As agents earn trust through consistent performance on well-defined tasks, expectations across enterprise systems will rise. Users will become less tolerant of complex workflows that exist only to accommodate system limitations.

What This Means for ERP Insiders

Voice-first agents will surface ERP data quality issues faster than dashboards ever did.
As service organizations adopt voice-native agents, ERP systems will be expected to deliver real-time order status, billing context, entitlement rules, and inventory availability. Inconsistent master data, slow integrations, and batch-oriented processes will become visible constraints, increasing demand for real-time APIs, shared session context, and tighter CRM–ERP synchronization.

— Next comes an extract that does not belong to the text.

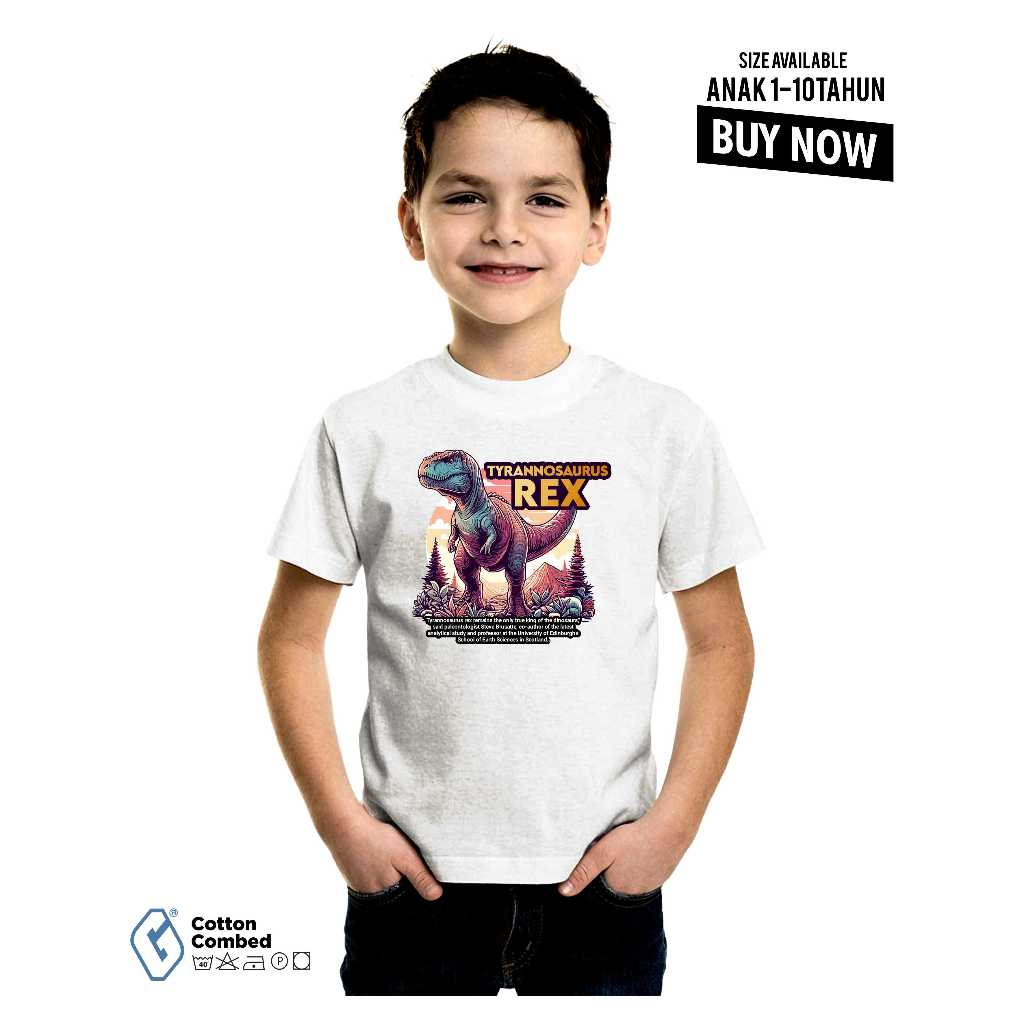 kaos anak tyrannosaurus rex / baju anak tyrannosaurus rex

Co-innovation models will redefine ERP implementation success. The rise of forward-deployed engineering and co-designed agent use cases suggests that ERP projects tied to AI will no longer succeed through static requirements alone. ERP leaders should plan for continuous iteration, shared ownership with AI platform teams, and closer collaboration with systems integrators who understand both enterprise processes and agent behavior.

Agent-first experiences will reset expectations for ERP usability. As employees grow accustomed to agents that summarize, guide, and execute within front-office systems, tolerance for form-heavy, manual ERP workflows will erode. ERP platforms that expose business logic cleanly to agent interfaces, particularly for approvals, exceptions, and operational decisions, will be better positioned to remain relevant as agents become the primary interface layer.